Data provided →

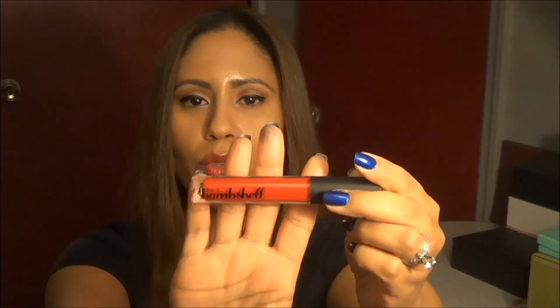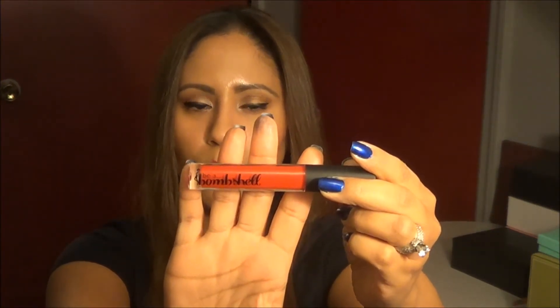The next item is from Be a Bombshell Cosmetics. Last month we got something from them as well — their eyeliner in Onyx. Not crazy about it; I've been just trying to use it up. But this month it's a lip gloss, and the color — I love the name — is called Hot Mess. It's a very sort of not too in-your-face red, almost kind of an orangey red. It's not too bright. I'm actually wearing it today.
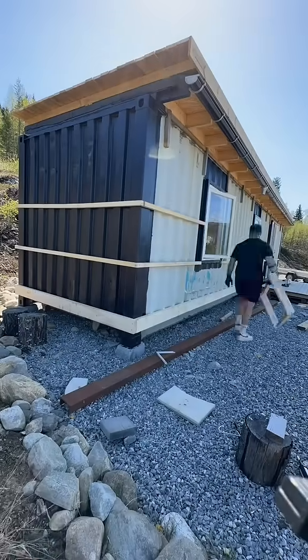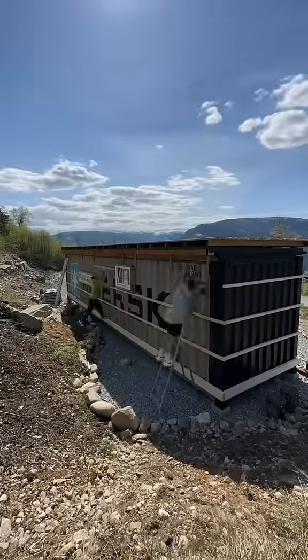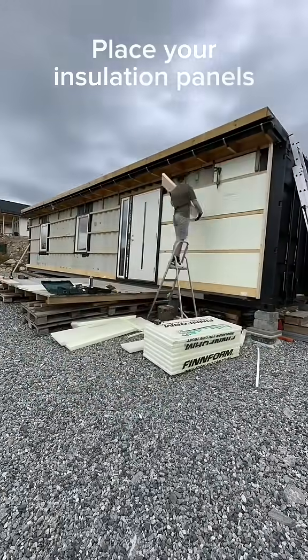For this part of the process, I recommend you have a frame to help you out — one hole from the outside whilst one screw from the inside. Then it's time for you to install your insulation.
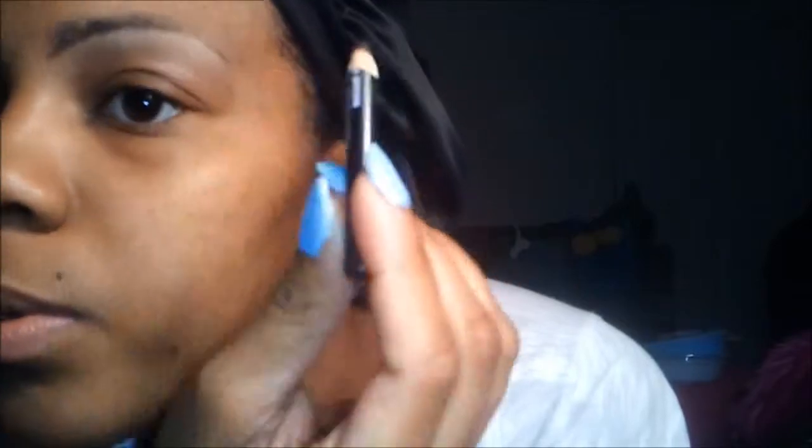After you finish priming your eyebrow and putting your concealer underneath, what you're going to do next is take your pencil and follow the way your eyebrow goes. Just fill it in a little bit with really small strokes, just a little bit. And that's it — you do it just that much.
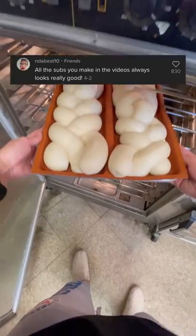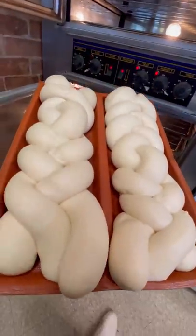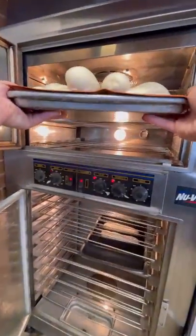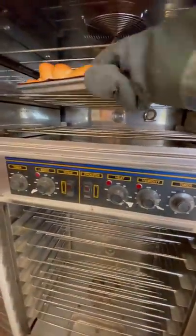Something you guys have probably never heard about at Subway is the three foot mega sub. This is me putting the bread out for the mega sub and putting it into the oven. Honestly, it's so satisfying to make this thing with the kneading and the whole process of it.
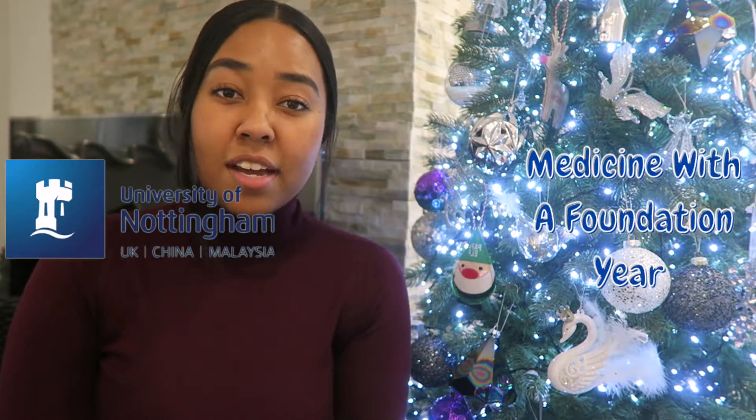Hi guys, it's Medically Amber and if you're new here, welcome to my channel. My name's Amber and I'm an undergraduate University of Nottingham student studying Medicine with a Foundation Year. We're not in the usual setup — I've gone home for the Christmas holidays and this is my Christmas tree. It's the only place in the house with good lighting. In today's video I'm going to be giving you different study tips that will allow you to pass Medicine with a Foundation Year with ease.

Task to complete →
Restate the data word for word without pictures.

Response area →
The next item is from Be a Bombshell Cosmetics. Last month we got something from them as well — their eyeliner in Onyx. Not crazy about it; I've been just trying to use it up. But this month it's a lip gloss, and the color — I love the name — is called Hot Mess. It's a very sort of not too in-your-face red, almost kind of an orangey red. It's not too bright. I'm actually wearing it today.
For this part of the process, I recommend you have a frame to help you out — one hole from the outside whilst one screw from the inside. Then it's time for you to install your insulation.
After you finish priming your eyebrow and putting your concealer underneath, what you're going to do next is take your pencil and follow the way your eyebrow goes. Just fill it in a little bit with really small strokes, just a little bit. And that's it — you do it just that much.
Something you guys have probably never heard about at Subway is the three foot mega sub. This is me putting the bread out for the mega sub and putting it into the oven. Honestly, it's so satisfying to make this thing with the kneading and the whole process of it.
Hi guys, it's Medically Amber and if you're new here, welcome to my channel. My name's Amber and I'm an undergraduate University of Nottingham student studying Medicine with a Foundation Year. We're not in the usual setup — I've gone home for the Christmas holidays and this is my Christmas tree. It's the only place in the house with good lighting. In today's video I'm going to be giving you different study tips that will allow you to pass Medicine with a Foundation Year with ease.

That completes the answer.